2016年9月25日の熊日「くまにち論壇」における
福間良明さんのコラムから。
築地市場の移転問題について書かれているのだが、
後段に次の部分がある。
「米国の水爆実験により日本漁船が被ばくした
第五福竜丸事件(1954年)の際には、水揚げされたマグロから
軒並み放射能が検出され、築地市場は1週間の操業停止を
余儀なくされた。
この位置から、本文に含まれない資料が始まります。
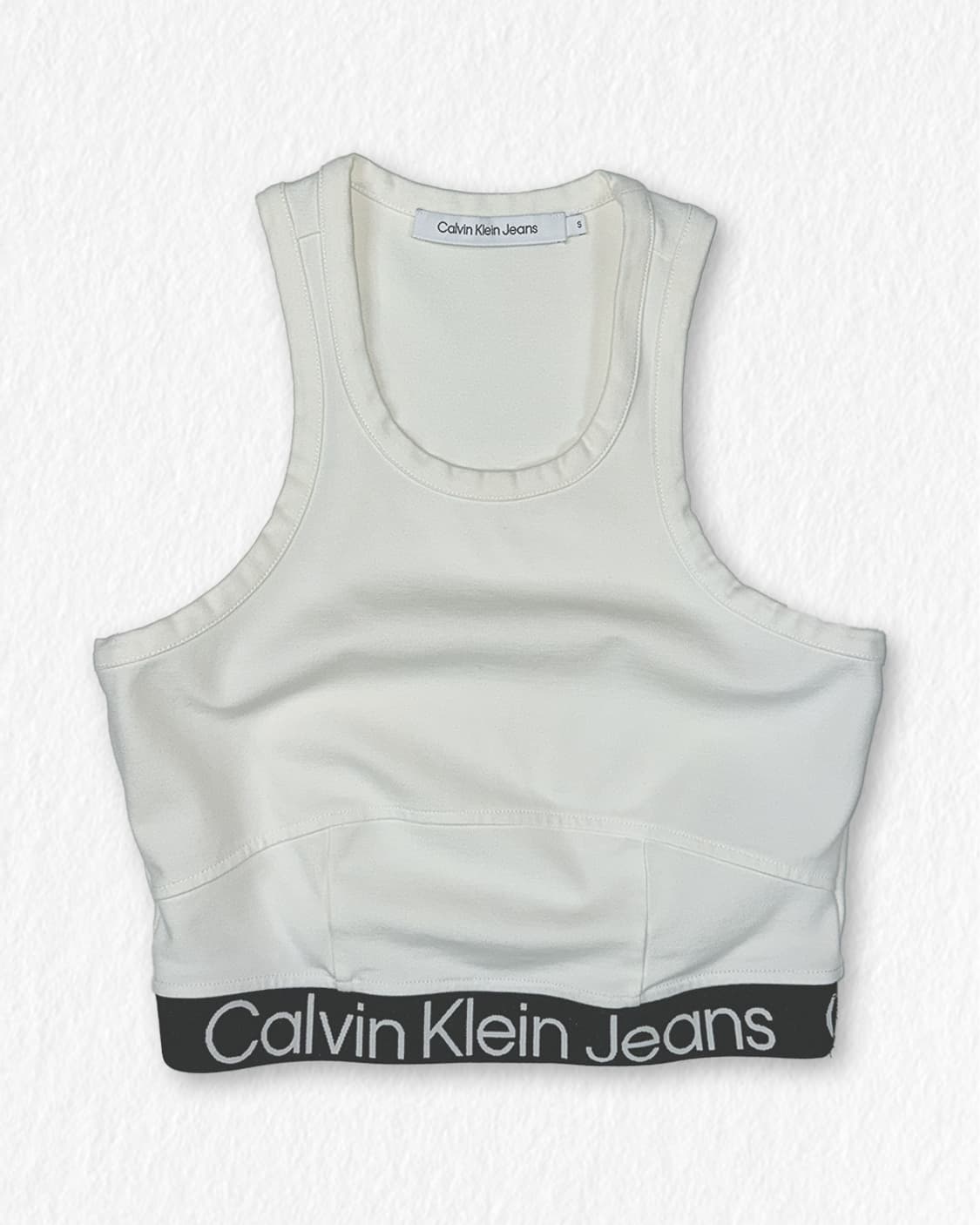 junezwe 탑 상품이미지1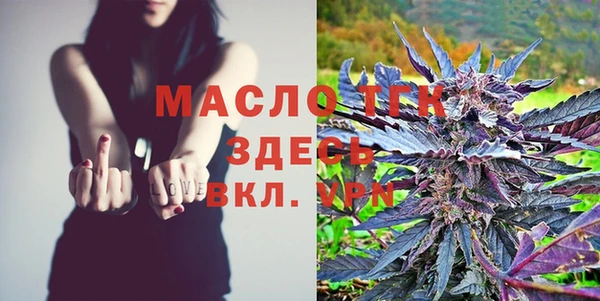 трава Аркадак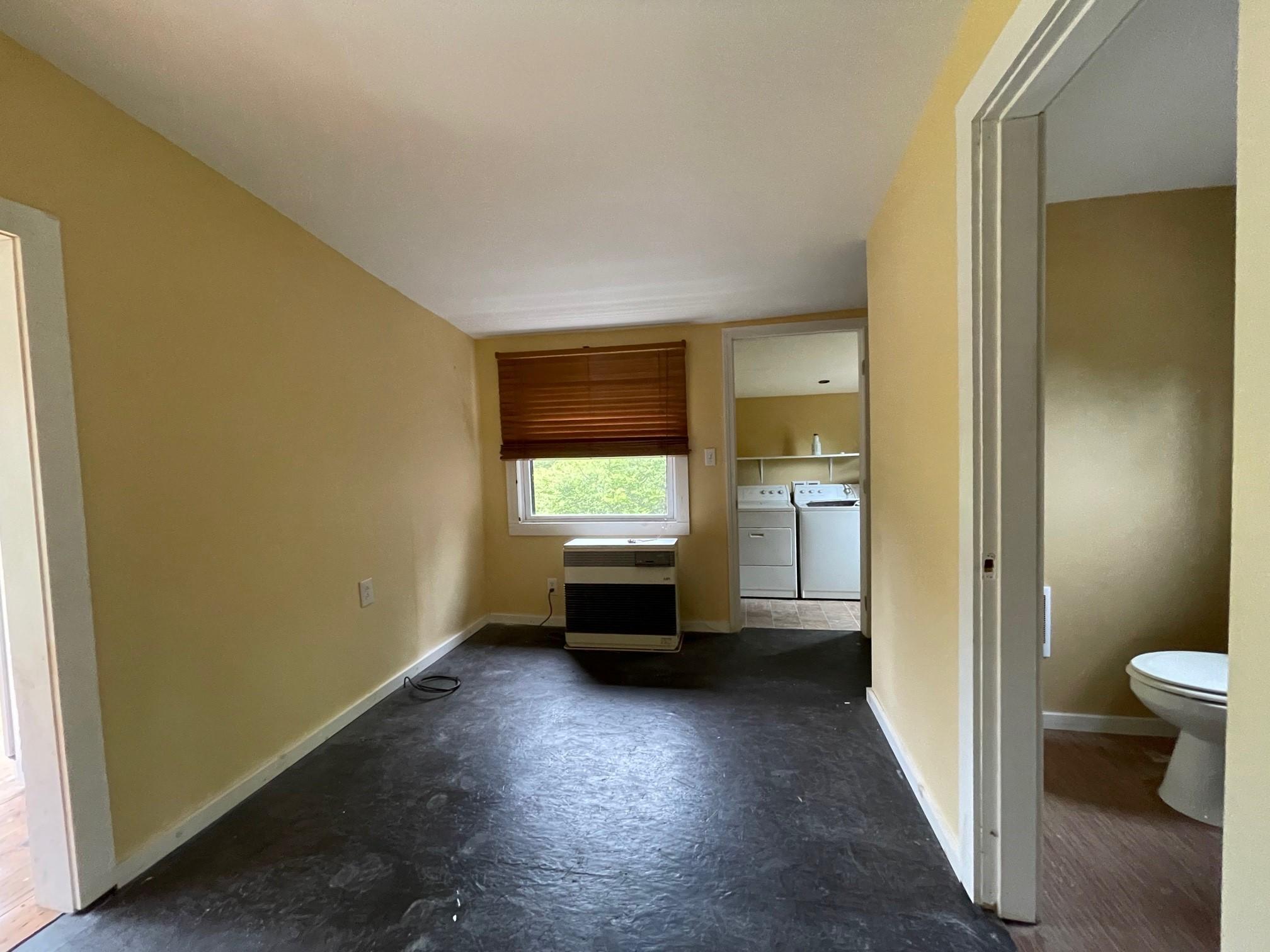 180 School Street Addison, ME 04606 - Photo 9 of 13 LR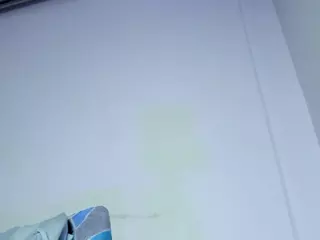 Greicy-Afrodita's Live Sex Cam Show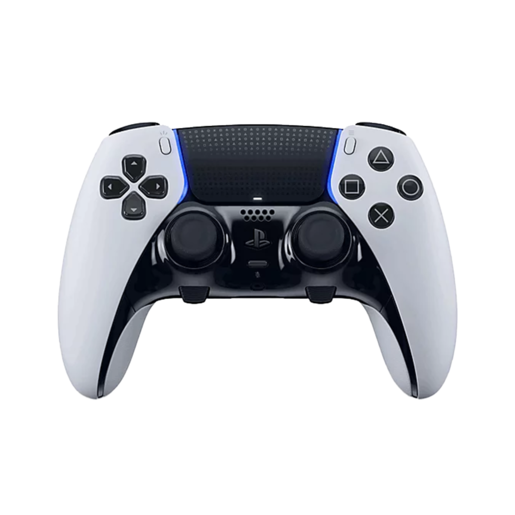 PS5 Dualsense Edge Wireless Controller v2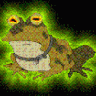 Hypnotoad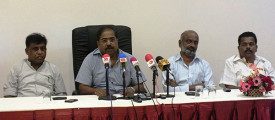 suresh-sivajilingam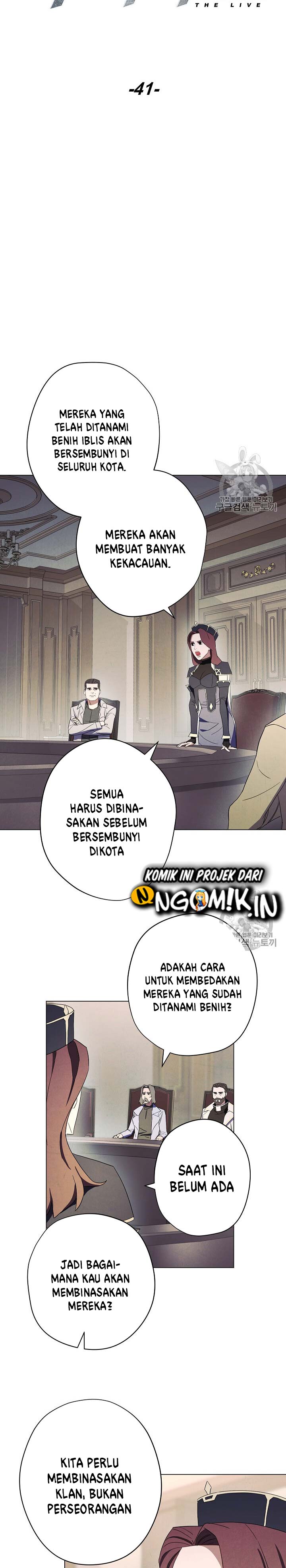 image-komik-the-live-chapter-41-4/27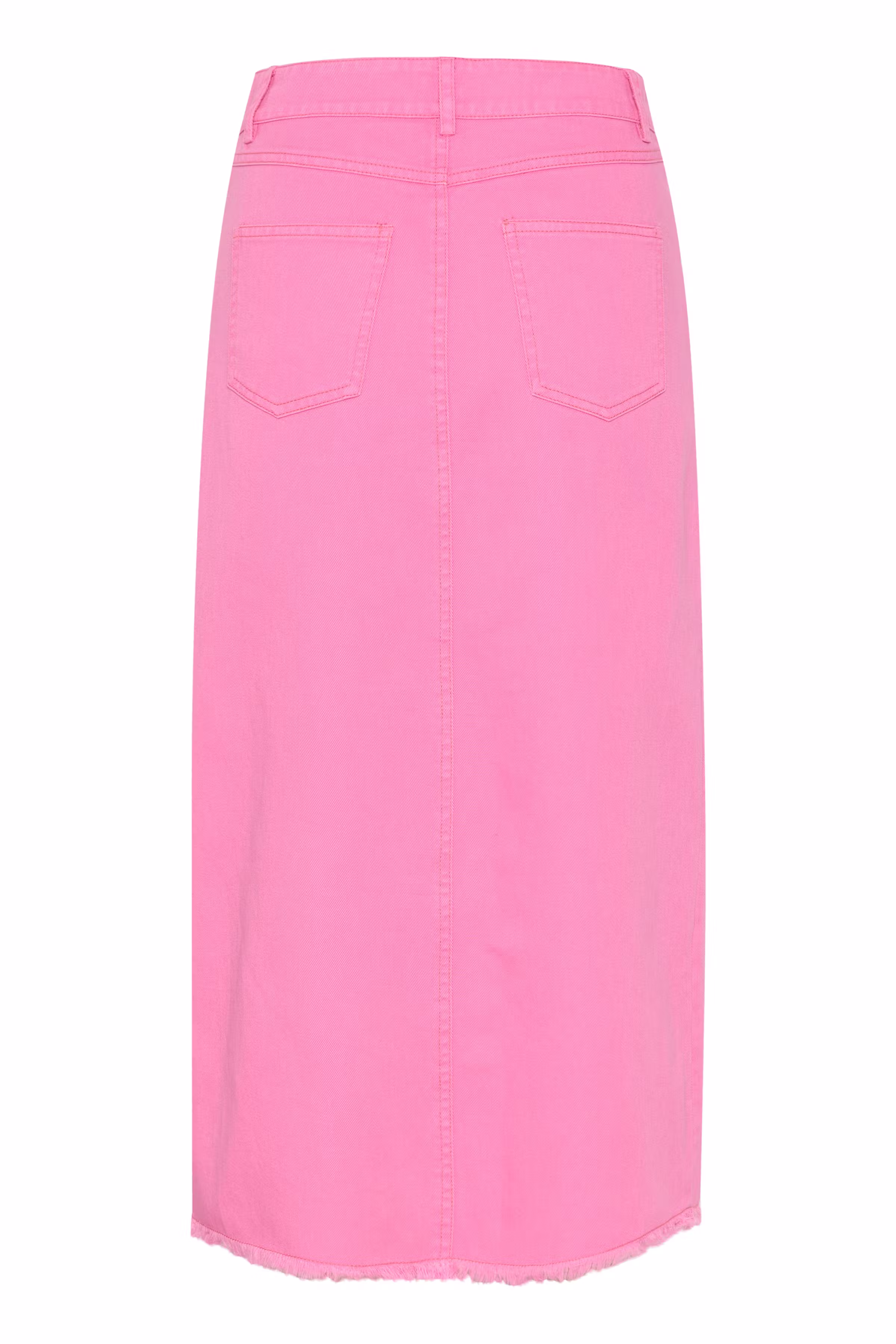 EdiSZ Nederdel PACK BACK 30513824-152718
こうしたなか、杉並区の主婦たちが
中心になり、原水爆禁止の署名運動が始まった。
運動は瞬く間に全国に広がり、広島で開かれた
第1回原水爆禁止世界大会(55年8月6日)につながった。
その後の原水爆禁止運動の源流である」
ここで福間教授が指摘するのは、
「『唯一の被爆国』という言い方が人口に膾炙しながらも、
東京の食が脅かされるまで、『広島』も『長崎』も
さほど顧みられることはなかった」という事実だ。
(ちなみに、ここで教授は「もてはやされる」という意味で
「人口に膾炙する」という食の問題に言及するのに、
実に含蓄のある表現を使っている)
つまり社会問題が注目されるときの、
中央と地方の格差のようなものである。
「豊洲と福島をめぐる報道や政治の非対称性」、
それは水俣病や沖縄・米軍基地問題にも通じるのではないか、
と述べている。
社会問題化された上は、それまで振り返ることがなかったことを
多少恥じるとしても、何も引け目を感じることはないだろう。
しかし、「福島をはじめとした同種の問題が
掻き消されてはいないか」ということが重要なのである。